People were setting up wind farms. Jimmy Carter put solar panels on the White House.
We were going to make cars that got 60 miles to the gallon and we were going to drive 55 mph and we were going to have bullet trains and.......................
it all fell apart. There was an oil glut and Sammy Hagar and no one else wanted to drive 55 and we elected Ronald Reagan because Carter just made us all feel so damned poor and depressed in that silly sweater. It is 10 degrees outside, can't I turn the heat up to 68? Etc., etc.
So we abandoned everything that we were told we should do in 1979. Wind power outside of California became a bad joke where people invested just to get the tax breaks (the operations being so bad that the wealthy knew they would lose money). We drove small cars for a while, until maybe 1984. But we decided that "greed is good" and went back along our merry way.
Now we are 30 years down the road. We hear today that John Kerry wants more high-speed rail. And we hear that we are going to make Detroit build greener cars. And we hear that everyone wants wind and solar powered everything.
But gas was $1.58 in my Minneapolis suburbs today. And people, ya know, really do like to drive, and trains cost money, and I can drive 300 miles for like 20 bucks.....
President Obama has to move very quickly and decisively to change the way we look at the world.
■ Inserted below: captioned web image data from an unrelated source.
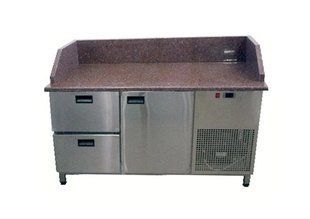 Стол для пиццы (1400х700х850) 3 борта Tehma (AS)059199 фото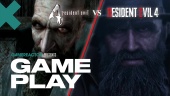 Resident Evil 4 Remake vs Original Gameplay Vergleich - Méndez Boss Battle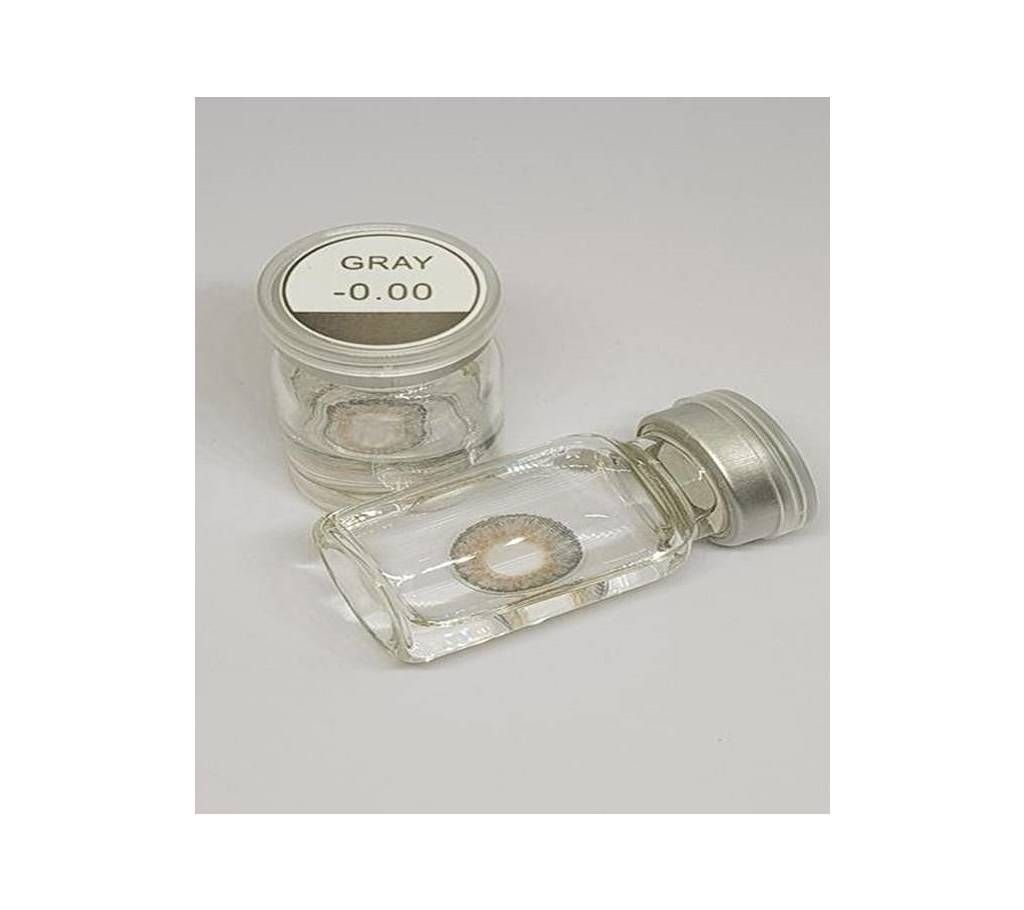 gray contact lense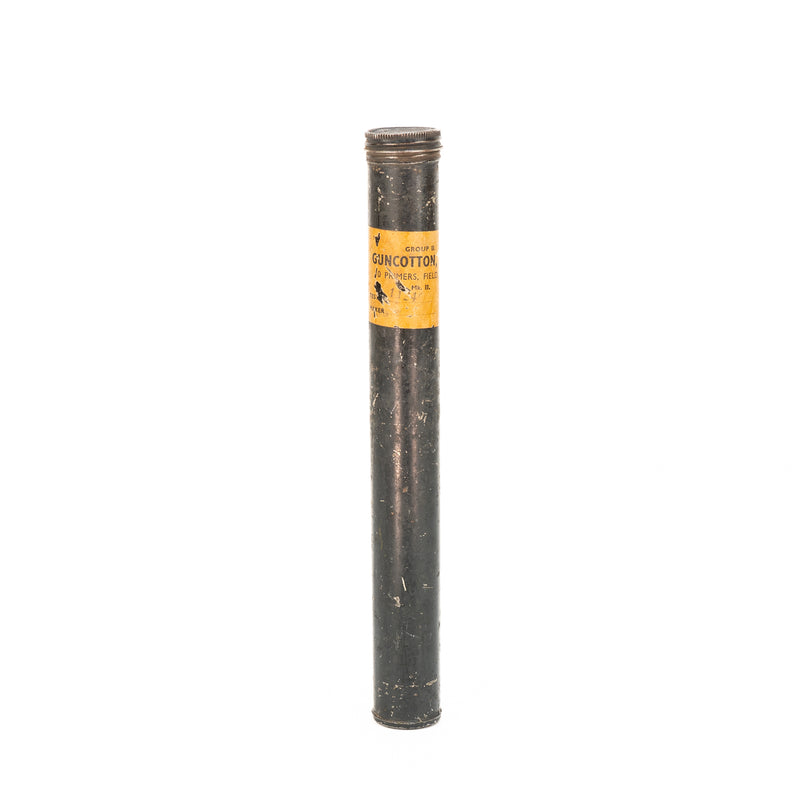 WWII SOE / Engineers Gun Cotton Dry Primer Tube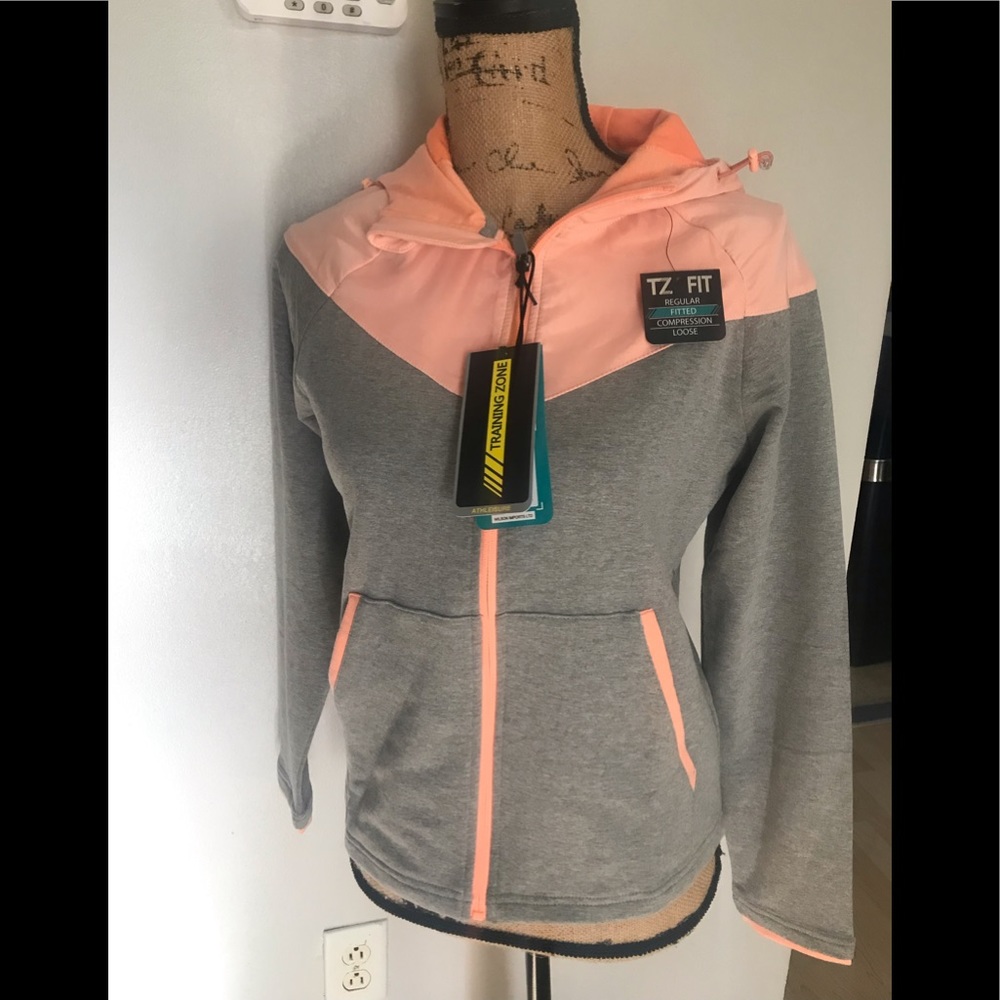 Training Zone Fitness Athleisure Women's Jacket Size:XS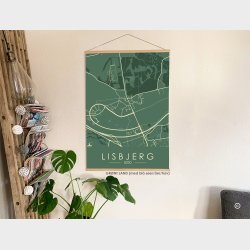 Lisbjerg byplakat 40 stk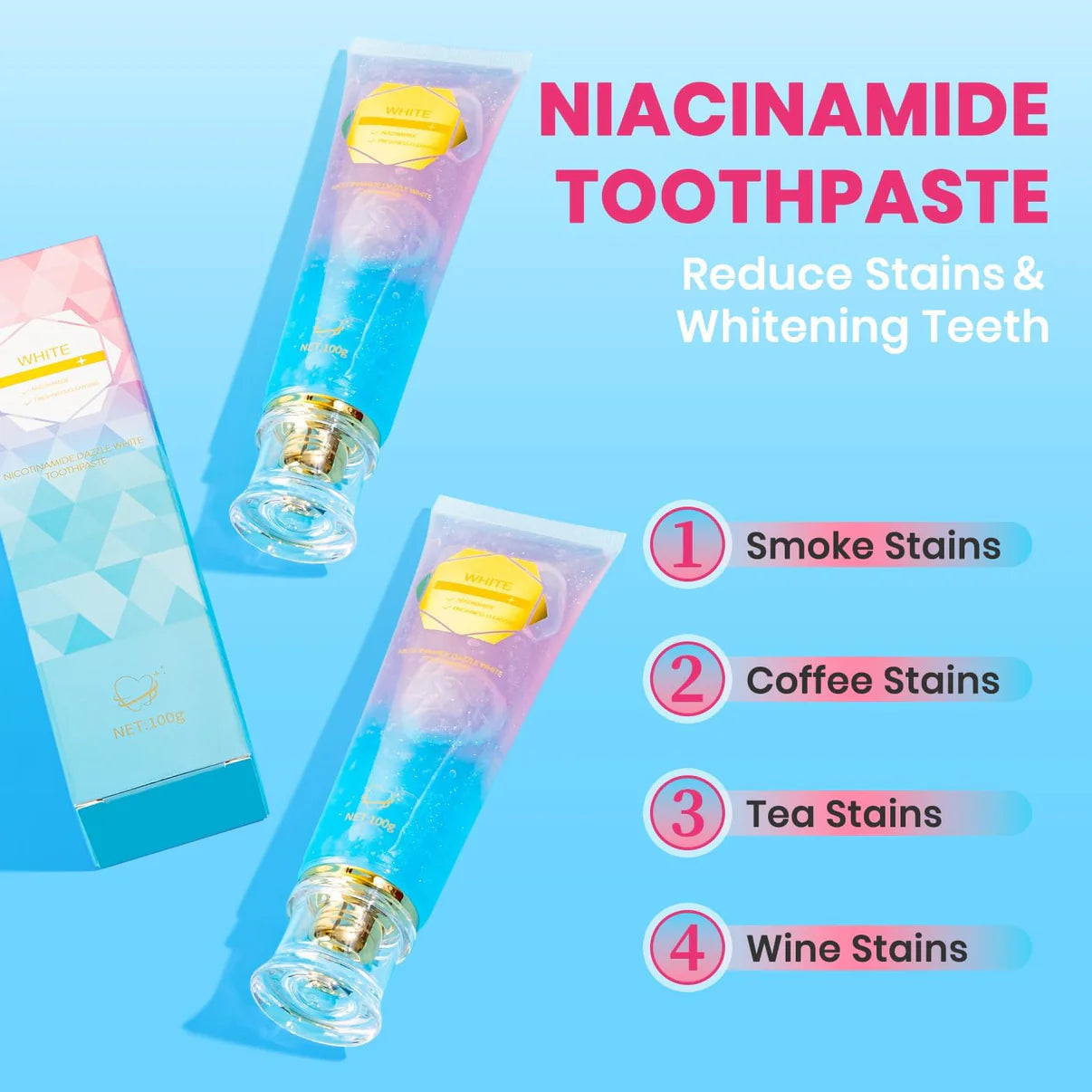 Mr. Smile Whitening Toothpaste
He has to force a quick and irreversible change. If we need 50 mpg fuel efficiency standards or we need high speed rail or we need a $500B jobs program, he has to use his political capital and jam it through as soon as he comes into office. Otherwise, we all get too accumstomed to how things have always been.
I heard my dad tell me, "Things are gonna change for you kids" when I was 15. And I am hearing him say, "Things are gonna really change for the grandkids" now that I am 44. I really don't want to tell my kids when I am 73, "You know, I think you guys may get fuel efficient cars and high speed rail soon. Maybe."